WHAT IS REQUIRED » An exact copy of the data is required. No picture may appear in it.

DATA EXCERPT »
▬▬▬▬▬▬▬▬▬▬

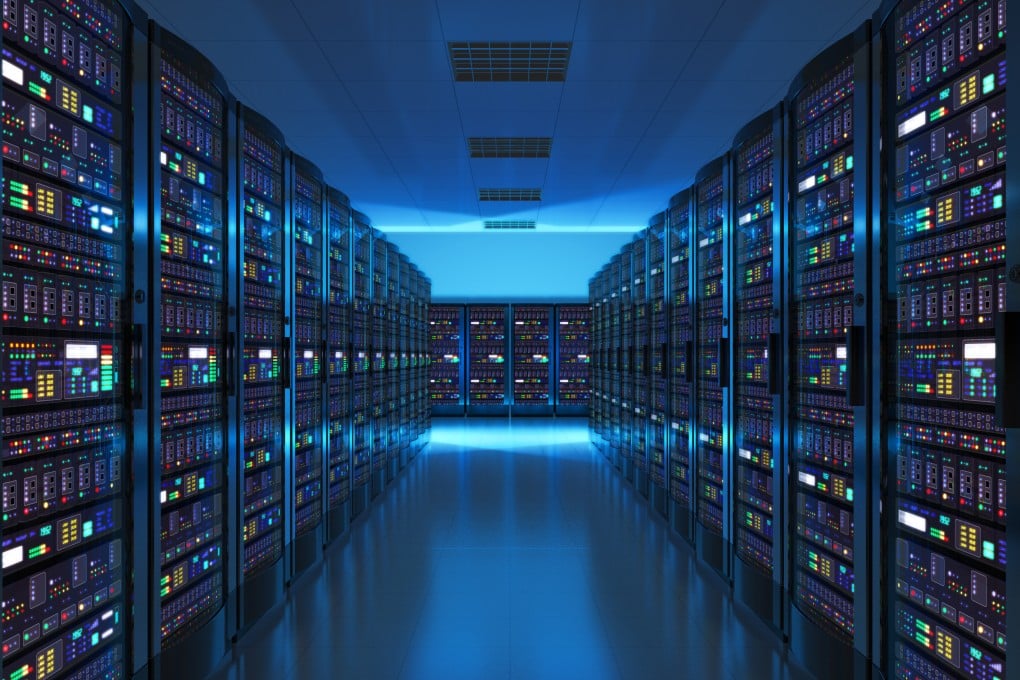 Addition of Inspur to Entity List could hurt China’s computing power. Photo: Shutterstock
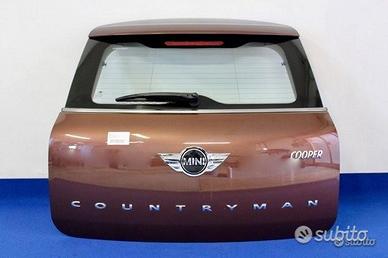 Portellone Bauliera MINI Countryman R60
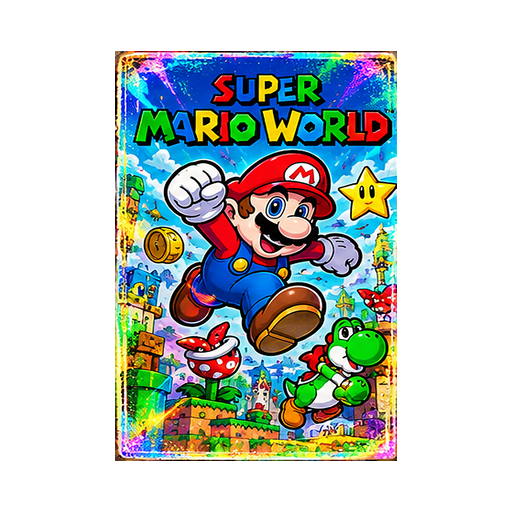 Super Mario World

▬▬▬▬▬▬▬▬▬▬

PROBLEM SOLUTION »
 Addition of Inspur to Entity List could hurt China’s computing power. Photo: Shutterstock
 Portellone Bauliera MINI Countryman R60
 Super Mario World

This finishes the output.